このフレームは上演中二度、三度と移動して、新たな背景を舞台に与えていく。その変容が、上演に「章立て(=シーン)」のような構成を与えていく。それぞれのフレームの配置によって認識されるシーンごとに、6名いるダンサーのそれぞれのソロが展開されていく。ソロを踊る人が現れるたび、全体の人数を数えて、増えてないことを確認する。いつも気づかない間に彼らは消えている。

Photo: momoko japan
Photo: momoko japan
小㞍さんのソロは、圧倒的な安定感に満ちていた。 身体を極限まで伸ばし切り、そこから縮んでいく際の「余白」の豊かさ。 不安定であるからこそ、常に変化し、揺らぎ、しかし決して崩れない。 「不安定の安定」という矛盾した状態が、そこには確かに存在していた。
終盤に近づき、フレームが宙吊りにされる。フレームの一方が天井から伸びてきたワイヤーで吊り上げられ、もう一方が床に接地した状態だ。この宙吊りの状態で、吊り上げられた箇所を中心に、フレームがゆっくりと旋回していく。これまではソロダンスごとに固定されることで認識されていたシーンという概念がゆっくりと溶け始める。目の前の世界を認識するとっかかりになっていたフレームが動きつづけることで、セット/ダンスという上演を構成する諸要素の境界が曖昧になり、脳の処理が追いつかなくなる。
ダンサーたちが一つにまとまり、鳥の群れのように動きだす。一人ひとりが個別の身体でありながら、全体としての意思に導かれ、一人では決して辿り着けない軌道を描く。実際の鳥の群れならば、個体がそれぞれになんとなく動くことで、群全体の群像が現れる。しかし、複数名の人間がそれを行う場合には、腕/頭/胸/腰/脚といった具合に、あるいはそれよりも細かく、一人ひとりが身体を解体し、そしてそれらを全員で再統合するような技術が必要になるのだろう。その時、ダンサー一人ひとりは、自身の身体の境界をどのように感じているのだろうか。
Photo: momoko japan
最後は、動きが全て止まり、音楽だけが聞こえてくる中で「時間だけが過ぎる」ことを感じる終幕へ。 「何か全部残っているけれど、全部ない」 小㞍さんがインタビューで語っていた、影と実体、セットと虚空があやふやになる瞬間。
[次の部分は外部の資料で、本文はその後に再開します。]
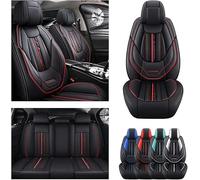 DELPOS Fundas de asiento de coche universales para Volkswagen VW Scirocco/Scirocco R/GTS 3Gen 2009-2017, accesorios para coche, color negro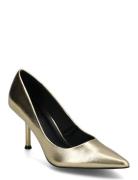 Onlcooper-2 Pu Foil Pump Shoes Heels Pumps Classic Gold ONLY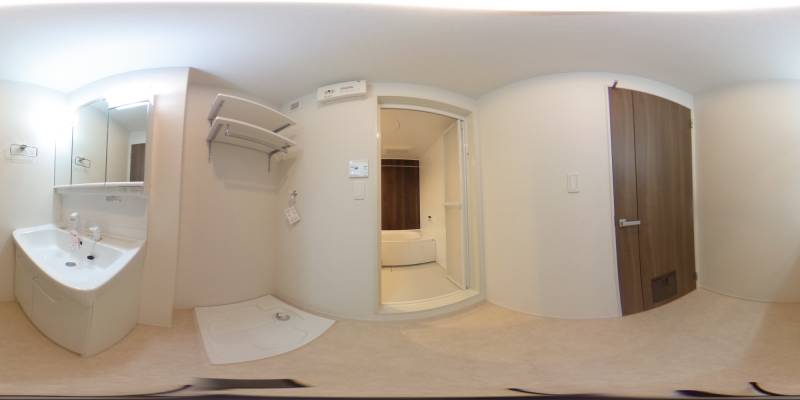 パノラマ画像洗面所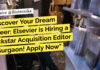 Elsevier Acquisition Editor Role For BSc – Apply Now Elsevier Biology Editor Jobs - Life & Biological Sciences Apply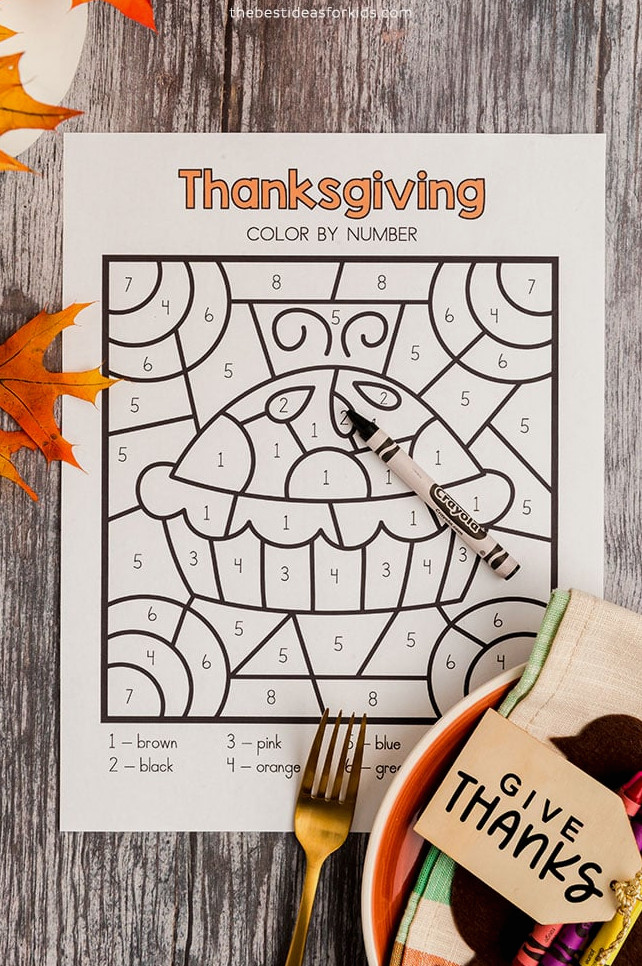 Pie Color by Number Worksheet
舞台上のフレームがゆっくりと止まり、客席には時間の残滓だけが漂っていた。 私たちは、縁側に座り、移ろいゆく季節を見送るように、その消えゆく余韻をただ静かに受け止めていた。
私たちの身体は、つねにある種の不安定な状態にある。 歩くという行為は、意図的に前方へとバランスを崩し、その不安定性を飼い慣らすことで成立している。 小㞍健太のステージは、まさにその「揺らぎ」そのものが踊りになったような時間だった。